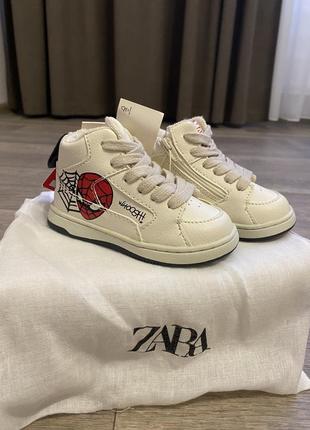 Высокие кроссовки хайтопы zara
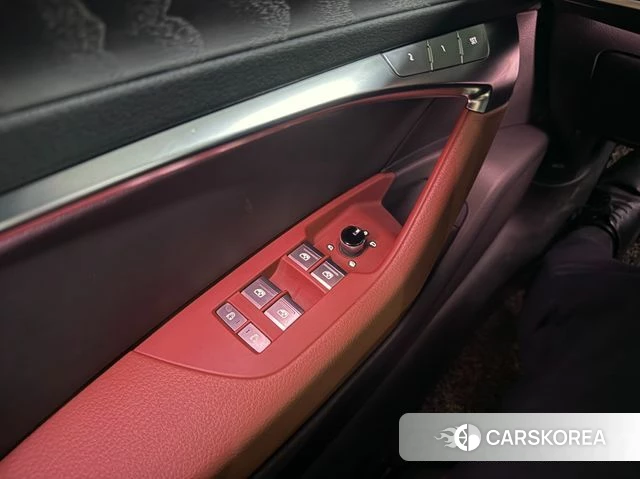 Audi A6 (C8) 2021 Белый из Кореи, фото 3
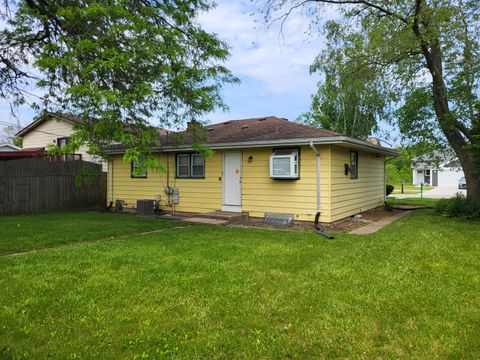 Tiny photo for 1718 Gilboa Avenue, Zion, IL 60099 (MLS # 12508836)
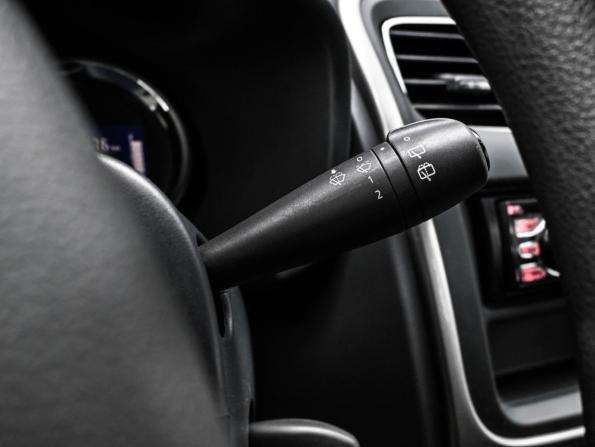 Renault Sandero II с пробегом 2015 года, цена 889 000 рублей, 24455 км, хэтчбек, Автокод Объявления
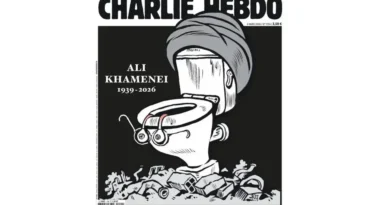 Capa do Charlie Hebdo homenageia Khamenei com ironia e polêmica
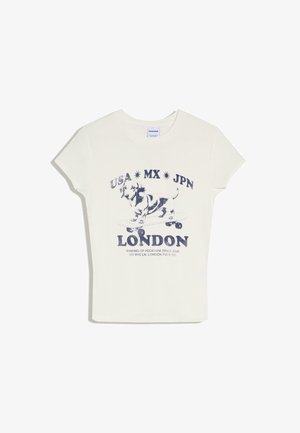 Maglietta bianca a maniche corte con grafica di un bassotto su uno skateboard e testo che fa riferimento a USA, MX, JPN e Londra.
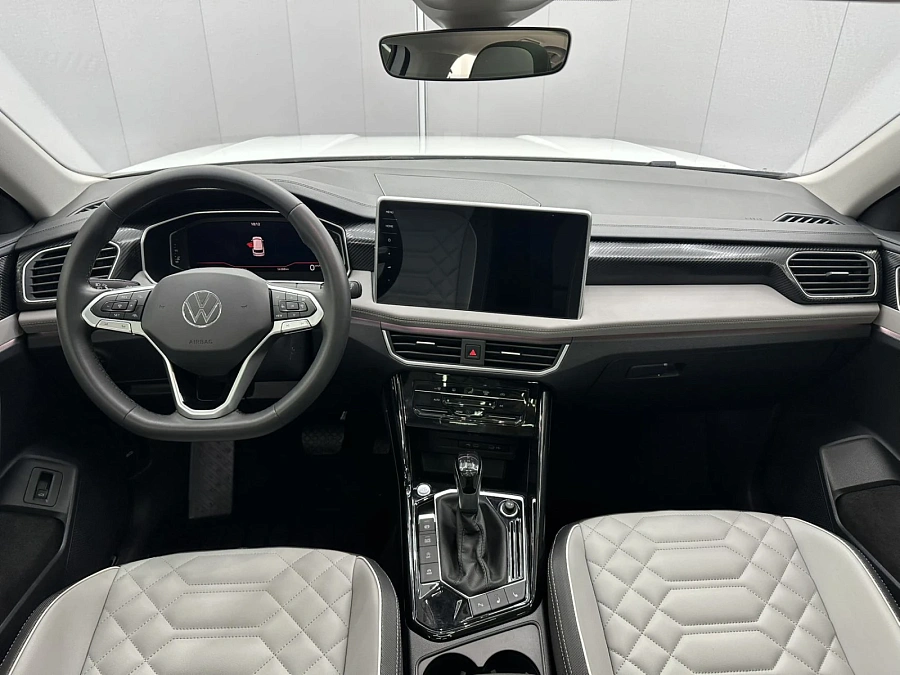 Volkswagen Tayron, 2022г., передний привод, робот
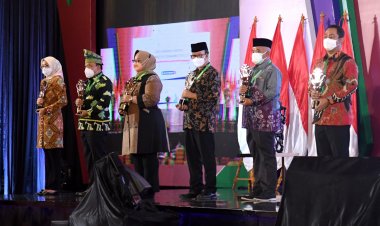 Pemkab Siak Peringkat keempat Kabupaten Terbaik Nasional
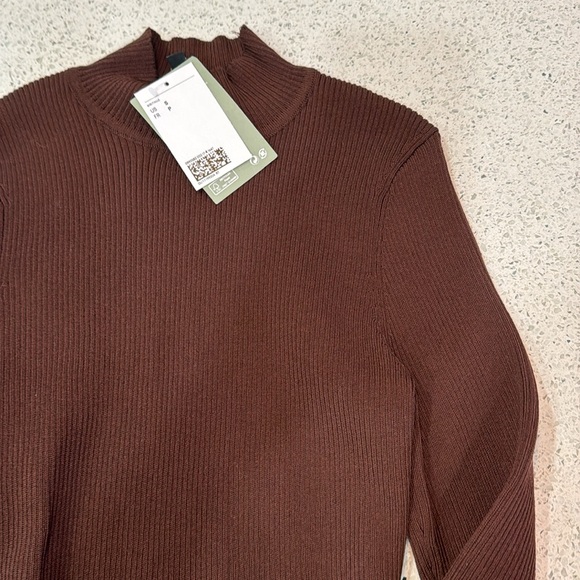 Brown H&M turtleneck - Picture 3 of 3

• [Brief] Set every entry down again exactly as written, and omit the images.

• [Result for this task]
 Высокие кроссовки хайтопы zara
 Audi A6 (C8) 2021 Белый из Кореи, фото 3
 Tiny photo for 1718 Gilboa Avenue, Zion, IL 60099 (MLS # 12508836)
 Renault Sandero II с пробегом 2015 года, цена 889 000 рублей, 24455 км, хэтчбек, Автокод Объявления
 Capa do Charlie Hebdo homenageia Khamenei com ironia e polêmica
 Maglietta bianca a maniche corte con grafica di un bassotto su uno skateboard e testo che fa riferimento a USA, MX, JPN e Londra.
 Volkswagen Tayron, 2022г., передний привод, робот
 Pemkab Siak Peringkat keempat Kabupaten Terbaik Nasional
 Brown H&M turtleneck - Picture 3 of 3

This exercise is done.